Hi everyone! We’re experiencing some challenges processing the complete planet.osm.pbf file in our Kubernetes environment, especially considering we’re using turn_costs in our configuration, and would appreciate some guidance.
Current Setup:
- Graphhopper version: 9.1
- Environment: Kubernetes (GKE)
- Node resources: 30 CPU cores, ~236GB RAM
- Input: Complete planet.osm.pbf file
- Java settings: -Xmx170g -Xms60g -XX:+UseG1GC
Specific Configurations:
# Java Settings
env:
- name: JAVA_OPTS
value: -Xmx170g -Xms60g -XX:+UseG1GC -XX:MaxGCPauseMillis=100 -XX:+HeapDumpOnOutOfMemoryError
- name: GRAPHHOPPER_MEMORY_MAP_DATAACCESS
value: "true"
- name: GRAPHHOPPER_GRAPH_DATAACCESS
value: "RAM_STORE"
# Profile Configurations with Turn Costs
profiles:
- name: car
turn_costs:
vehicle_types: [ motorcar, motor_vehicle ]
u_turn_costs: 120
- name: truck
weighting: custom
turn_costs:
vehicle_types: [ hgv ]
u_turn_costs: 120
The Problem: We’re trying to process the complete planet.osm.pbf file, but we’re facing significant challenges. Besides memory issues (initially getting OOMKilled errors), we’ve noticed that using turn_costs is considerably impacting processing time and resource consumption. After adjusting memory settings, the process starts but still takes an extremely long time and occasionally fails.
Questions:
- Are our Java memory settings optimized for processing the complete planet file considering the use of turn_costs?

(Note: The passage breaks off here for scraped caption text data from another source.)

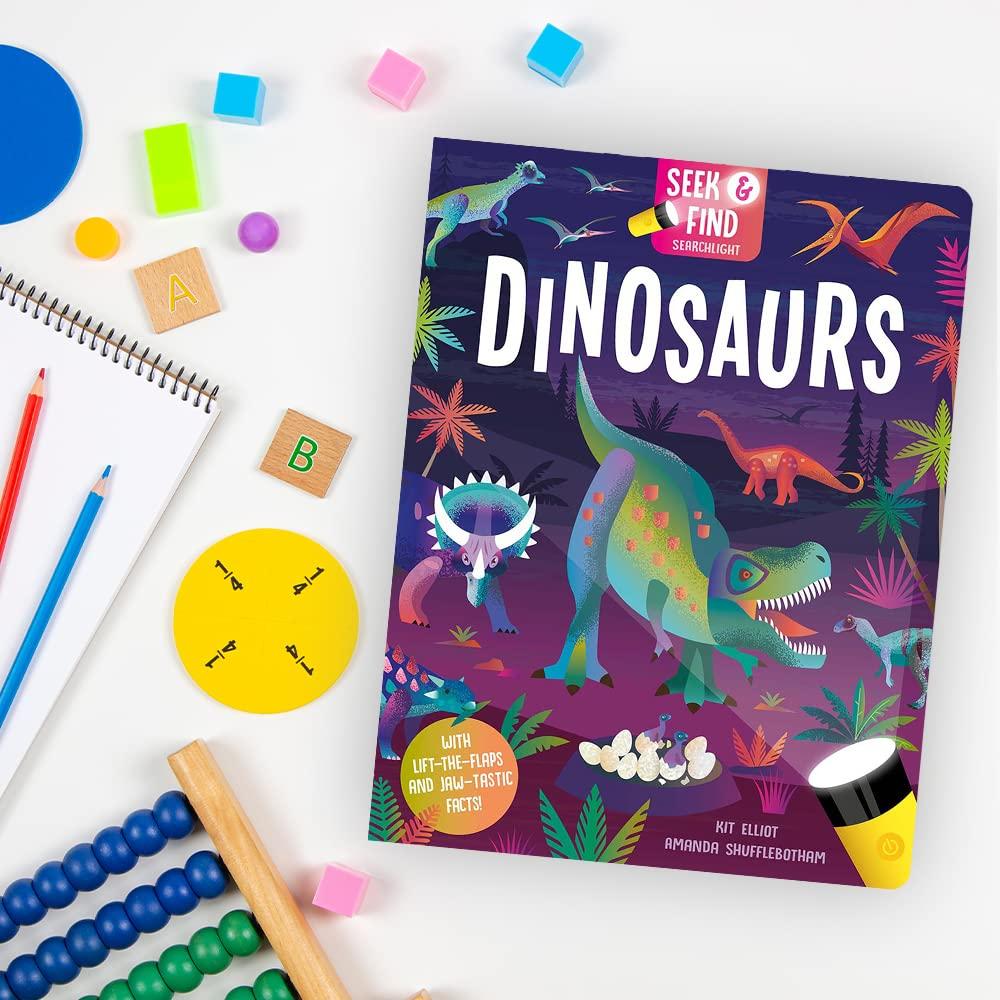 Seek And Find Dinosaurs (Seek &amp; Find - Searchlight Books)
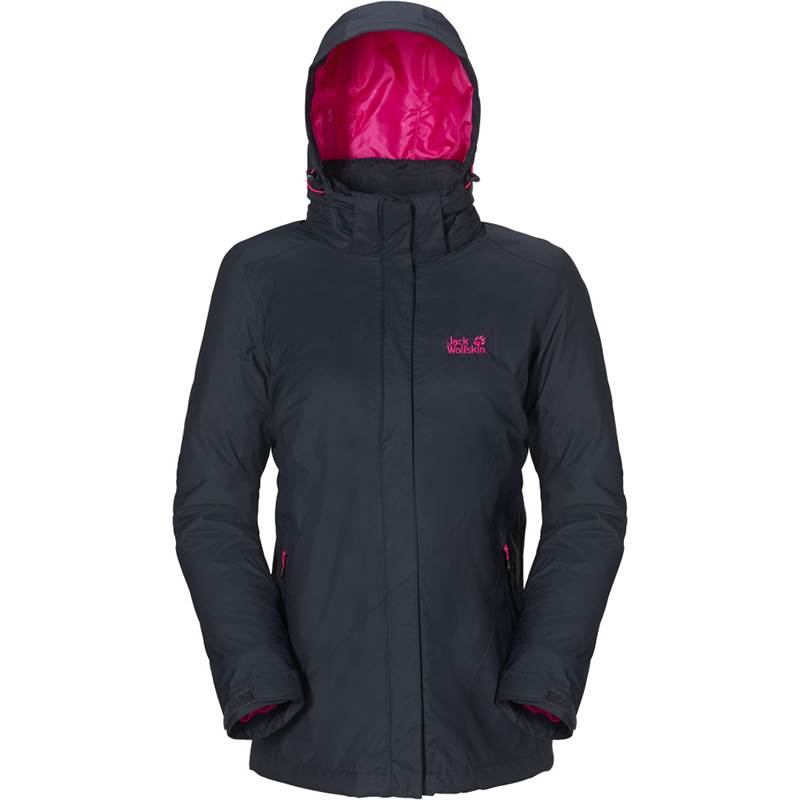 Jack Wolfskin Womens Arborg 3-in-1 Texapore Jacket-1
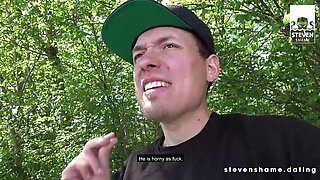 AndyStar eats her pussy during a sex date! Steveshame.dating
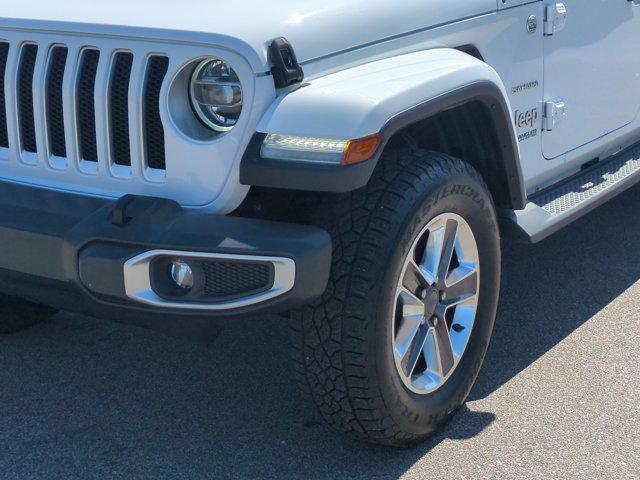 2019 Jeep Wrangler Unlimited Sahara 4x4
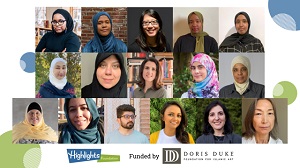 16 Muslim Storytellers Selected for Two-Year Children’s Literature Fellowship Program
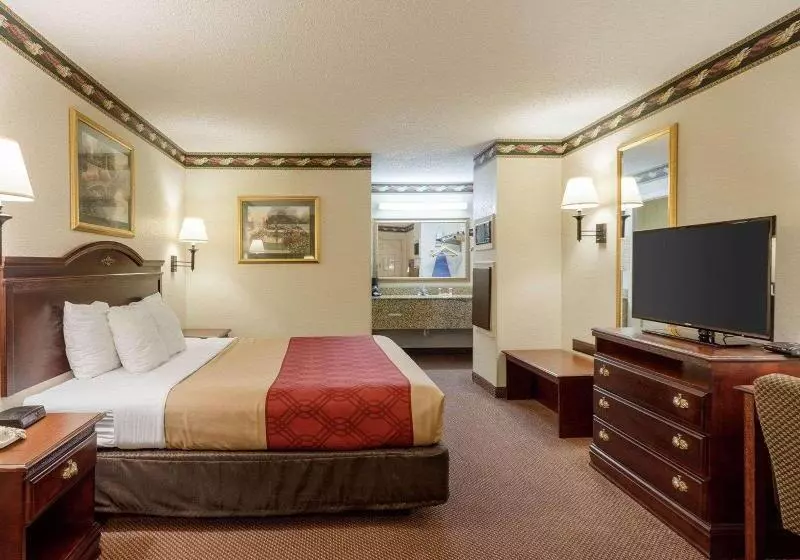 Standard-huone King-vuode, Econo Lodge Grenada
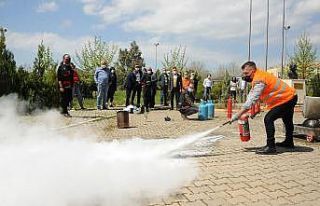 ADÜ Spor Bilimleri Fakültesi’nde Acil Durum ve...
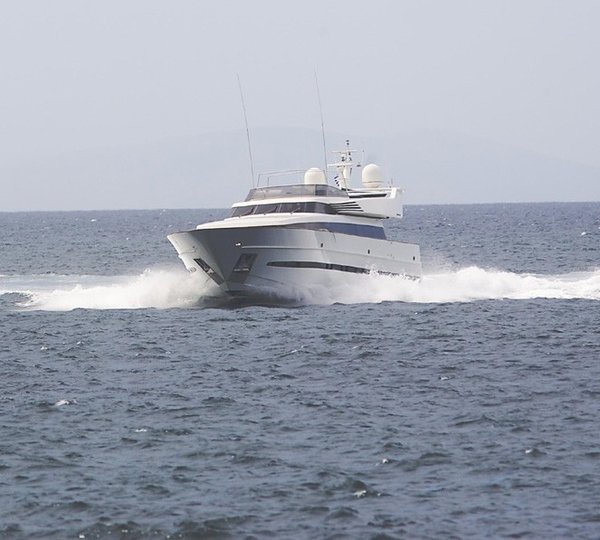 The 33m Yacht ASTIR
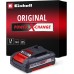 Einhell System Power X-Change Battery (Lithium Ion Battery, 18 V, 2.0 Ah, Suitable for All Power X-Change Devices)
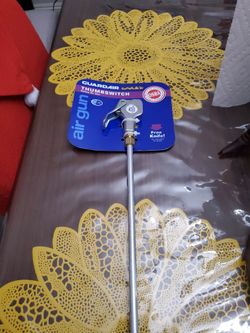 Guardair 900LJ036AA Thumbswitch with 36-Inch Aluminum Extension and Aluminum Nozzle , Grey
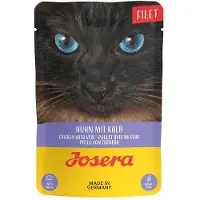 Josera Filet 16 x 70 g - Kylling med kalv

- What’s the expected impact of turn_costs on memory consumption and processing time?
- Are there specific recommended configurations to optimize processing when using turn_costs?
- Would you recommend splitting the processing into regions? If so, what would be a good approach while maintaining turn_costs functionality?
- What are the recommended minimum hardware requirements for processing the complete planet file with turn_costs enabled?
We’re particularly interested in understanding how to balance the use of turn_costs (which is essential for our application) with efficient planet file processing. Any experience or tips on how to optimize this specific scenario would be highly valuable.
Thank you in advance for your help!